* Excerpted records *
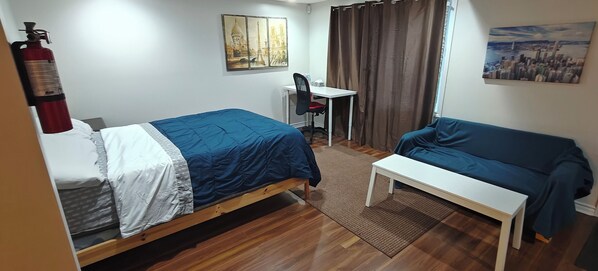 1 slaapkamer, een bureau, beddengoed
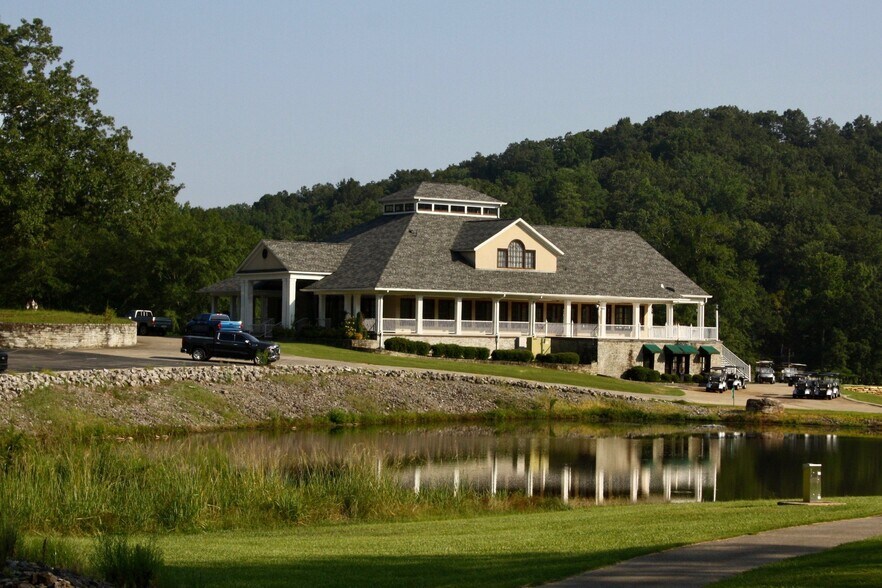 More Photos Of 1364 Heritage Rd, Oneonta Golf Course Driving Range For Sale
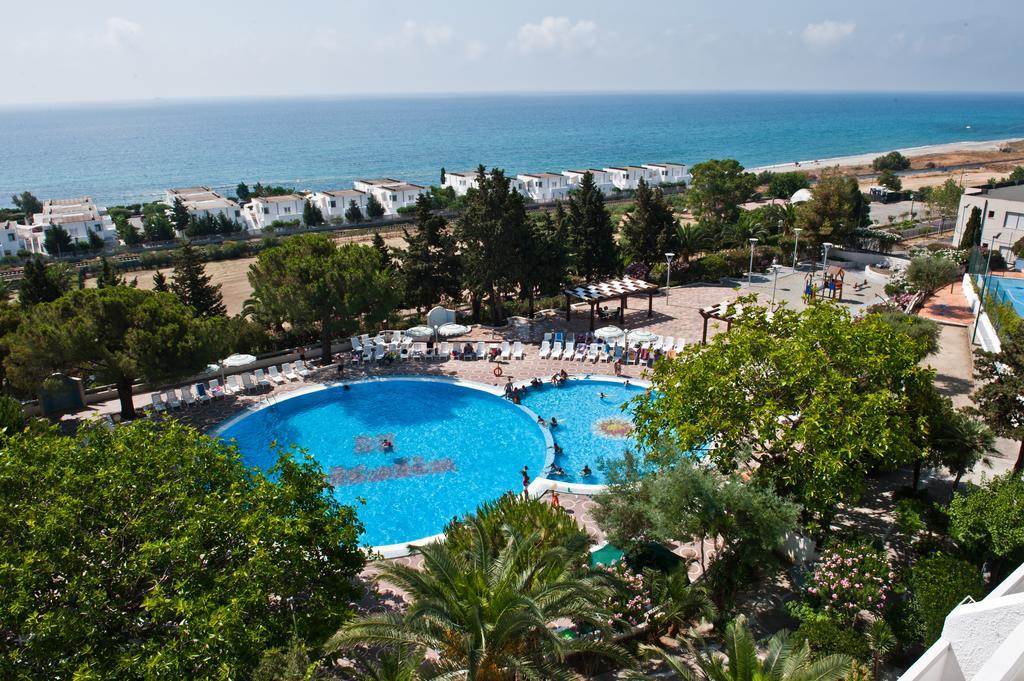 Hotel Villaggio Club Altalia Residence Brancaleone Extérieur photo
==
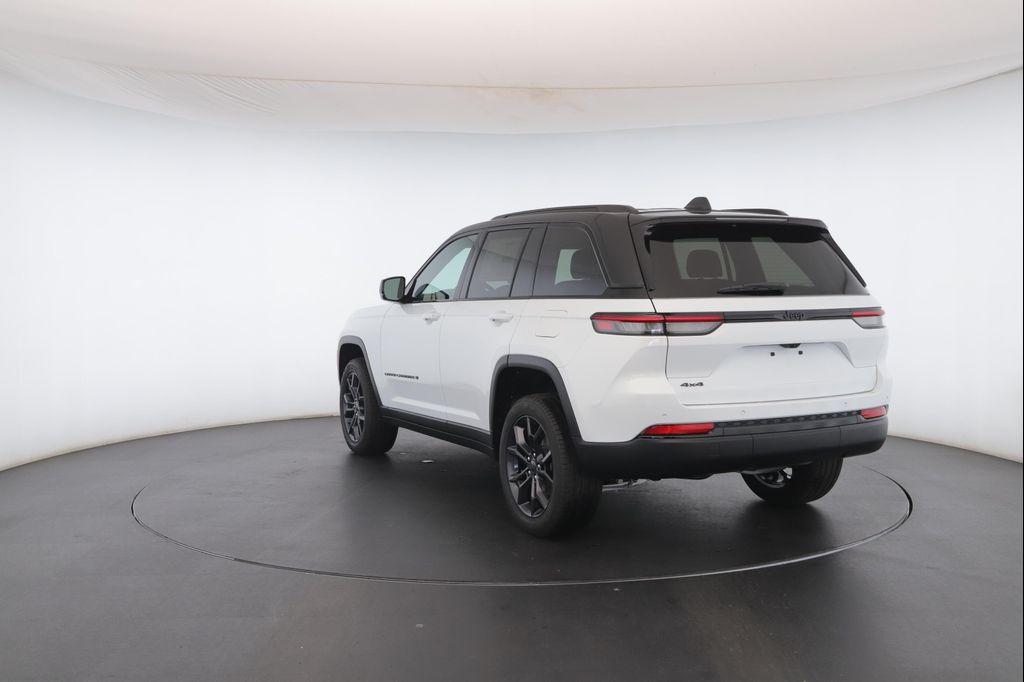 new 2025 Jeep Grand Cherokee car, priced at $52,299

* What needs to be done *
From the listing above, repeat only the lines between the line containing "More Photos Of" and the line containing "Hotel Villaggio Club", those two included. Pictures are not part of the copy.

* Exercise output *
 More Photos Of 1364 Heritage Rd, Oneonta Golf Course Driving Range For Sale
 Hotel Villaggio Club Altalia Residence Brancaleone Extérieur photo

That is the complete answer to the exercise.